In an angry mood, and determined to finish off the Anarchists once and for all, the government acted to stifle their propaganda. Two days after Vaillant’s bomb, the Chamber unanimously passed two laws making it a crime to print any direct or “indirect” provocation of terrorist acts or to associate with intent to commit such acts. Although known as les lois scélérates (the scoundrelly laws), they were hardly an unreasonable measure, since the preaching of the Deed was in fact the principal incitement. Police raided Anarchist cafés and meeting places, two thousand warrants were issued, clubs and discussion groups scattered, La Révolte and Le Père Peinard closed down, and leading Anarchists left the country.
On January 10, Vaillant came to trial before five judges in red robes and black gold-braided caps. Charged with intent to kill, he insisted that he had intended only to wound. “If I had wanted to kill I could have used a heavier charge and filled the container with bullets; instead, I used only nails.” His counsel, Maître Labori, who was destined for drama and violence in a far more famous case, defended him with spirit as un exaspéré de la misère. It was parliament, Labori said, which was guilty, for failing to remedy “the misery of poverty that oppresses one third of a nation.” Despite Labori’s efforts, Vaillant received the death penalty, the first time in the Nineteenth Century it had been imposed on a person who had not killed. Trial, verdict and sentence were rushed through in a single day. Almost immediately petitions for pardon began to assail President Sadi Carnot, including one from a group of six
ty deputies led by Abbé Lemire, who had been one of those wounded by the bomb. A fiery Socialist, Jules Breton, predicted that if Carnot “pronounced coldly for death, not a single man in France would grieve for him if he were one day himself to be victim of a bomb.” As incitement to murder, this cost Breton two years in prison and proved to be the second comment on the Vaillant affair, which was to end in strange and sinister coincidence.

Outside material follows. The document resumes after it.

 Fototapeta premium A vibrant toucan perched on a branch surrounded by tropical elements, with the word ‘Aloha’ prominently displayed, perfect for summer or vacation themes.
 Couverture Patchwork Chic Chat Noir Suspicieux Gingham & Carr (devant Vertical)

The government could not pardon an Anarchist attack upon the State. Carnot refused to remit the sentence and Vaillant was duly executed on February 5, 1894, crying, “Death to bourgeois society! Long live Anarchy!”
The train of death gathered speed. Only seven days after Vaillant went to the guillotine, he was avenged by a blow of such seemingly vicious unreason that the public felt itself in the midst of nightmare. This time the bomb was aimed not against any representative of law, property or State, but against the man in the street. It exploded in the Café Terminus of the Gare St-Lazare in the midst, as Le Journal wrote, “of peaceful, anonymous citizens gathered in a café to have a beer before going to bed.” One was killed and twenty wounded. As later became clear, the perpetrator acted upon a mad logic of his own. Even before he came to trial, the streets of Paris rocked with more explosions. One in the Rue St-Jacques killed a passer-by, one in the Faubourg St-Germain did no damage and a third exploded in the pocket of Jean Pauwels, a Belgian Anarchist, as he was entering the Church of the Madeleine. He was killed and proved to have set off the other two. On April 4, 1894, a fourth exploded in the fashionable Restaurant Foyot, where, though it killed no one, it put out the eye of Laurent Tailhade, who happened to be dining there and who only four months earlier had shrugged aside the victims of a “fine gesture.”